J. H. TUBMAN, Appellant, vs. WESTPHAL, STAVENOW & CO., Appellees.

[January Term, A. D. 1900.]

Appeal from the Court of Quarter Sessions and Common Pleas. Maryland County.

Injunction.

Landlord and tenant.

An action for the violation of contract is the proper action to bring against a tenant who has made default in the payment of rent; ejectment will not lie and if brought may be enjoined.

In an action of ejectment brought by the landlord against his tenant for the violation of the covenants and agreements of the lease, in which he sought to eject the lessee, it was held that an action for the violation of contract was the proper action, and an injunction on the ejectment suit was sustained.

This case was tried and determined in the Court of Quarter Sessions and Common Pleas, Maryland County, sitting in equity, at its November term, A. D. 1899. It is brought up to this court upon a bill of exceptions by the appellant, for review and final disposition. The record in the case is most voluminous, and therefore most fatiguing and distressing to review, but the court, after a careful and most laborious reading, has deducted the following summary as the gist of the case, which it will here give before concluding.

It appears that in the year A. D. 1897, J. H. Tubman, appellant, leased by agreement certain premises in the County of Maryland, City of Harper, to Westphal, Stavenow & Co., a German mercantile house doing mercantile business in the said county, for a term of ten years, to end A. D. 1907, for the consideration of three hundred dollars available money per year. It also appears that appellant opened an account business with appellees to a large amount, and was then indebted to appellees in the sum of twenty-five hundred dollars. Appellant applied to appellees for his lease money (three hundred dollars), when appellees informed him that they had placed the sum of three hundred dollars to his credit on their books. To this arrangement appellant dissented, and at once gave notice to appellees to vacate the said premises in question within fifteen days, or he, the appellant, would eject them by law. Appellees, to prevent the ejectment, sued out a writ of injunction against appellant, and in the meantime deposited in the custody of the court three hundred dollars, one year’s lease money, and prayed the court to compel appellant to take the said sum of money, which appellant refused to do, alleging that appellees had violated the conditions of the agreement.

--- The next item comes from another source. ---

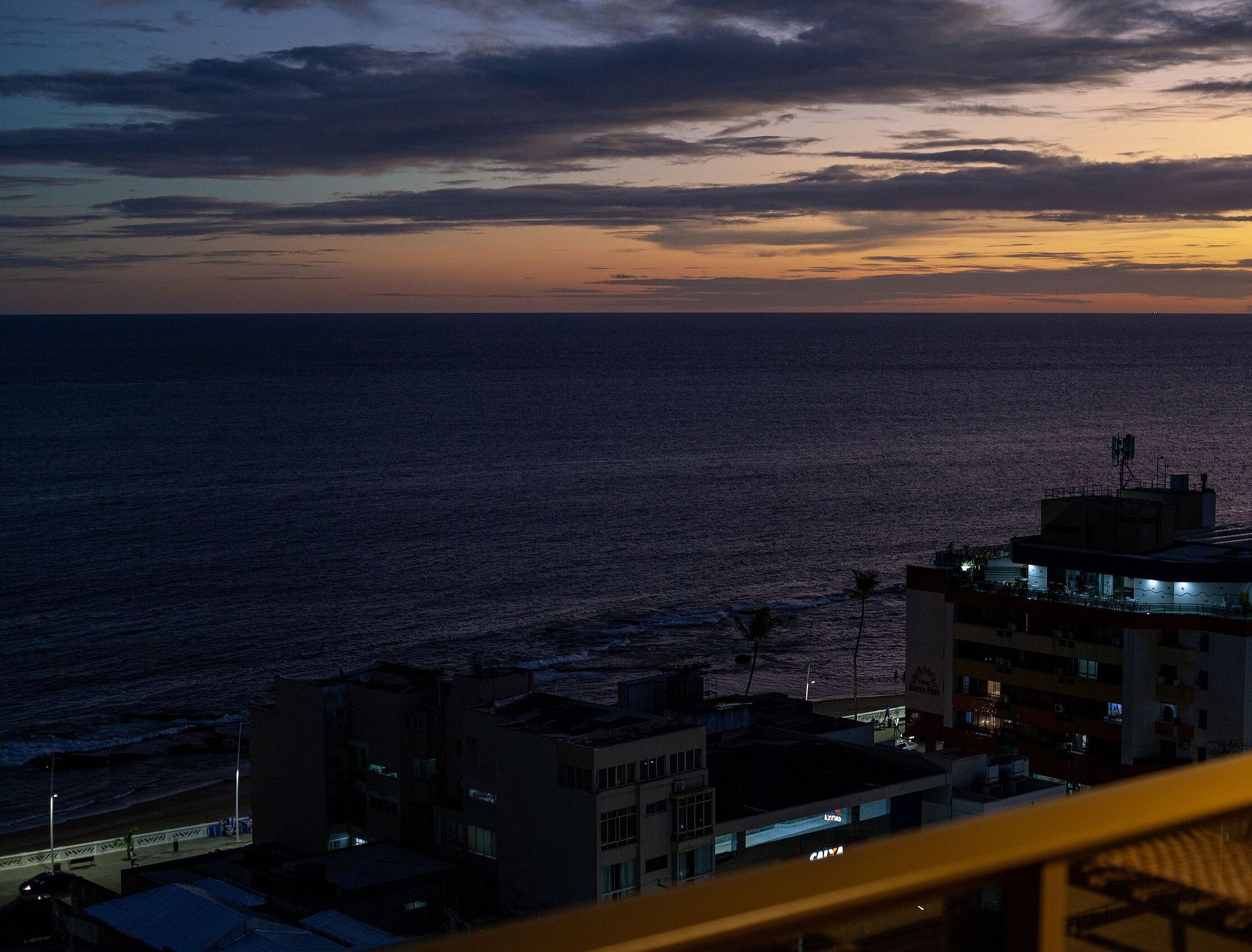 Vista costera al atardecer con edificios y una playa en primer plano.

The injunction was tried by the court below, sitting in equity, and judgment was rendered in favor of appellees, perpetuating the injunction. To this judgment appellant took exceptions and appealed to the Supreme Court.

After a careful survey of the circumstances in connection with the case, this court says that appellant was wrong to order appellees to vacate the said premises and to give them notice that he would eject them if they failed to comply with the order to vacate said premises within fifteen days; for if appellees had violated the terms of the agreement he, appellant, should have entered an action against appellees for breach of contract. Appellant neglected to enter such an action, which he had a legal right to enter if proof was manifest that the appellees had violated the terms of the agreement; but instead, he took an unjustifiable course. Therefore this court says that to secure themselves against unlawful ejectment appellees were justified in enjoining appellant.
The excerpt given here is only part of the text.